Task requirements:
Copy out again, unchanged, the listing below from the line that has "Antique Old Print" through the line that has "Plissee nach Maß".

Records shown section start

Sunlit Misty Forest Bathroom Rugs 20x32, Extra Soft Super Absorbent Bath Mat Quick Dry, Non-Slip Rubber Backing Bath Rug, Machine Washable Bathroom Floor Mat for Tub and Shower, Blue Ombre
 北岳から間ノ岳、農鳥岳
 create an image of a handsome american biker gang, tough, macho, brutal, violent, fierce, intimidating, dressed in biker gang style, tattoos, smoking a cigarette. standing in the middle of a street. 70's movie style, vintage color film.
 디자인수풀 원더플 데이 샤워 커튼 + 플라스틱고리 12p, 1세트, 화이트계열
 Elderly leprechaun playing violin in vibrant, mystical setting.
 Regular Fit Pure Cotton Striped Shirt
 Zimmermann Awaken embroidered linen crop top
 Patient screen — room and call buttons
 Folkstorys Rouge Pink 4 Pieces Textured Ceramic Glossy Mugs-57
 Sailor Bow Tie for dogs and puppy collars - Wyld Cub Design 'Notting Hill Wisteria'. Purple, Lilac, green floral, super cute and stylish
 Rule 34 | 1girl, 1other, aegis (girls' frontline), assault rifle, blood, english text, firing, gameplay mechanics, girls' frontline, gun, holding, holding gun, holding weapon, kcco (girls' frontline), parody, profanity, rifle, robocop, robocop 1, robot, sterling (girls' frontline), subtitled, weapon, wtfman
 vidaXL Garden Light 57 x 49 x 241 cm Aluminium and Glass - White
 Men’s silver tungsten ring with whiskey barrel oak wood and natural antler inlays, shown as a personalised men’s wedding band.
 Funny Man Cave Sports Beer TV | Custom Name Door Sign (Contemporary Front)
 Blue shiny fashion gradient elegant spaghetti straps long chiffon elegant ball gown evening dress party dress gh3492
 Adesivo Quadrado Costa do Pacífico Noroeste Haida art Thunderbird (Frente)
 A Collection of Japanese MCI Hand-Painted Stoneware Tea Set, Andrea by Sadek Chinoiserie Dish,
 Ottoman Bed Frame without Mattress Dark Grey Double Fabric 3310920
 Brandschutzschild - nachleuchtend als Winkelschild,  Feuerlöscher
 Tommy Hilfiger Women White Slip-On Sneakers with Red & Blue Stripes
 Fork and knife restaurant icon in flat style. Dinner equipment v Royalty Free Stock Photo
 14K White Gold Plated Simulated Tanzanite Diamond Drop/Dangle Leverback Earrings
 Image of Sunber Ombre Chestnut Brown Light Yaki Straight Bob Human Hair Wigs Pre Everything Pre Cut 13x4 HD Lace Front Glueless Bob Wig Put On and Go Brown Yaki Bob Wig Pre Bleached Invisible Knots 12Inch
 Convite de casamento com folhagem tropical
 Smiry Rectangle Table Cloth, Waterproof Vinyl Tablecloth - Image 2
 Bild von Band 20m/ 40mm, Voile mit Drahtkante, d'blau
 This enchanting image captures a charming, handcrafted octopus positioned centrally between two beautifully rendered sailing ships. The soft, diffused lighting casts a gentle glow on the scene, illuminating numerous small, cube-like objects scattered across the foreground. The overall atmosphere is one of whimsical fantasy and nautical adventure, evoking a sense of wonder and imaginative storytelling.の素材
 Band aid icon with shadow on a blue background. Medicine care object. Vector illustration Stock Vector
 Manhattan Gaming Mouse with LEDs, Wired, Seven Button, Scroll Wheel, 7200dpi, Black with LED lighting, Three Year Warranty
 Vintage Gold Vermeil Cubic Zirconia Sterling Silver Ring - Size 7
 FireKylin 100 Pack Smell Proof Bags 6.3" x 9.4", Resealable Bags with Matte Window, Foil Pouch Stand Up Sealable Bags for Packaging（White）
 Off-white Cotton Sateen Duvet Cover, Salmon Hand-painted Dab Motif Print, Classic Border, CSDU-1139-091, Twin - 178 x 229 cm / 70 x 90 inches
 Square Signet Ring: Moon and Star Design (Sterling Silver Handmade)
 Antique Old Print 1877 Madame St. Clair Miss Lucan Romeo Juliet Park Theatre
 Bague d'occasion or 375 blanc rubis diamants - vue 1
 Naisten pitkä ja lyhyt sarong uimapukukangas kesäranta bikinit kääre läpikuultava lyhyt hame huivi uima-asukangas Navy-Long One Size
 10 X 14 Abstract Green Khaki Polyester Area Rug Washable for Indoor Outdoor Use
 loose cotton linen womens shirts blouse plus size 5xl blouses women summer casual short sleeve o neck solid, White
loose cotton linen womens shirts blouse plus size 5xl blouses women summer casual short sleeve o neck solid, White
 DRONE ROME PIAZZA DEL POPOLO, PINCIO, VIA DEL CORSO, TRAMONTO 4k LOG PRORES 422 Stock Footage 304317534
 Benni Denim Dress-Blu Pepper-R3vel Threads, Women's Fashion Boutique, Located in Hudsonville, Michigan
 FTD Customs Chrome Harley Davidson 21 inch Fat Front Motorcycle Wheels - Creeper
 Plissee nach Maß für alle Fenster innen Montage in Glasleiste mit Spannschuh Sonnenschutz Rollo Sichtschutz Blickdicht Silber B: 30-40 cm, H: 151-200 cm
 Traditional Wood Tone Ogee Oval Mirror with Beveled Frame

Records shown section end

Exercise solution:
 Antique Old Print 1877 Madame St. Clair Miss Lucan Romeo Juliet Park Theatre
 Bague d'occasion or 375 blanc rubis diamants - vue 1
 Naisten pitkä ja lyhyt sarong uimapukukangas kesäranta bikinit kääre läpikuultava lyhyt hame huivi uima-asukangas Navy-Long One Size
 10 X 14 Abstract Green Khaki Polyester Area Rug Washable for Indoor Outdoor Use
 loose cotton linen womens shirts blouse plus size 5xl blouses women summer casual short sleeve o neck solid, White
loose cotton linen womens shirts blouse plus size 5xl blouses women summer casual short sleeve o neck solid, White
 DRONE ROME PIAZZA DEL POPOLO, PINCIO, VIA DEL CORSO, TRAMONTO 4k LOG PRORES 422 Stock Footage 304317534
 Benni Denim Dress-Blu Pepper-R3vel Threads, Women's Fashion Boutique, Located in Hudsonville, Michigan
 FTD Customs Chrome Harley Davidson 21 inch Fat Front Motorcycle Wheels - Creeper
 Plissee nach Maß für alle Fenster innen Montage in Glasleiste mit Spannschuh Sonnenschutz Rollo Sichtschutz Blickdicht Silber B: 30-40 cm, H: 151-200 cm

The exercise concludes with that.